Die Wechsel der grafischen Darstellungen sind in Evoland 2 nun nicht nur für die Charaktere spürbar, sie wurden auch aktiv in die Geschichte des Spiels eingebunden. Denn bei jedem Grafiksprung reisen die Charaktere auch in der Zeit hin und her, wodurch einige interessante Konstellationen entstehen und die Verwebung vom Setting und den für Evoland typischen Einführungen von neuen Spielaspekten deutlich präsenter in der Welt werden. Auch die witzigen Anekdoten auf die Branche sind in Teil 2 wieder zu finden, wenn etwa auf die Idee, sich unter einer Kiste zu verstecken und dadurch Gefängniswachen zu entgehen, nur mit Spott reagiert wird.

Doch schlussendlich kann der Auftritt von Evoland 2 dem ersten Teil  vor allem in Sachen Überraschungsvielfalt nicht das Wasser reichen. Zu oft ertappte ich mich einfach dabei, die sich streckenden Dialoge eher mit Augenrollen zu lesen. Auch die nett gemeinten Gameplay-Zusätze waren für mich eher ein unnötiges Hindernis. Was ich eigentlich von Evoland 2 erwartete – die Reise durch die Geschichte des Gamedesigns  – wurde mir zu sporadisch geboten. Deshalb ist Evoland 2 auch eines der wenigen Spiele, die ich nicht komplett beendet habe.
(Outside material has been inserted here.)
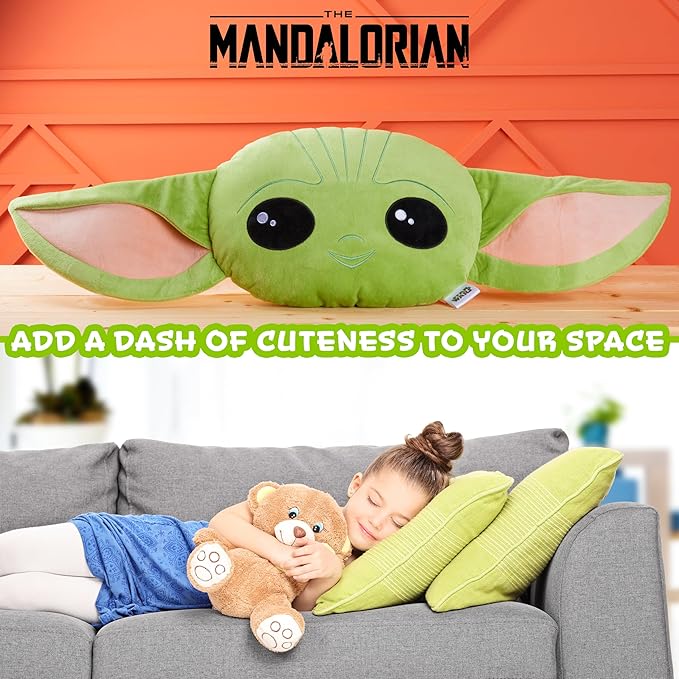 Disney Stitch 3D Plush Cushions for Bed Travel, Cute Cuddle Pillow Stuffed Character Pillow, Bedroom Accessories, Room Decor, Gifts for Kids (Green Baby Yoda, L14.96 x W10.23)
Evoland Legendary Edition 3D-Look

Mein Fazit zur Legendary Edition von Evoland:

Evoland 1 ist mit rund vier Stunden eine kurzweilige Reise durch die Anfänge des Spieldesigns und kann mit unerwartetet Gameplay-Implementationen und leicht zynisch auf die Welt der Videospiele blickenden Texten und Dialogen für einen nostalgischen Abend wunderbar unterhalten. Teil 2 macht aus der Ursprungsidee ein deutlich größeres und sicherlich auch komplexeres Spiel, verzettelt sich dadurch aber auch zu oft in langwierigen Dialogen und zu häufigen ermüdenden Passagen.

Alles in allem ist besonders der erste Teil von Evoland einen Blick wert, gerade für den andauernden Retro-Kick durch das zackige Hinzufügen neuer unerwarteter Mechaniken. Auch für Liebhaber von DLC Quest ist Evoland lohnenswert. Der Vollständigkeit halber kann man sich dann im Sale auch gleich die Legendary Edition zulegen. Leider klingt die Idee einer Videospiel-Geschichtsreise insgesamt deutlich spannender, als es die Umsetzung letztendlich ist.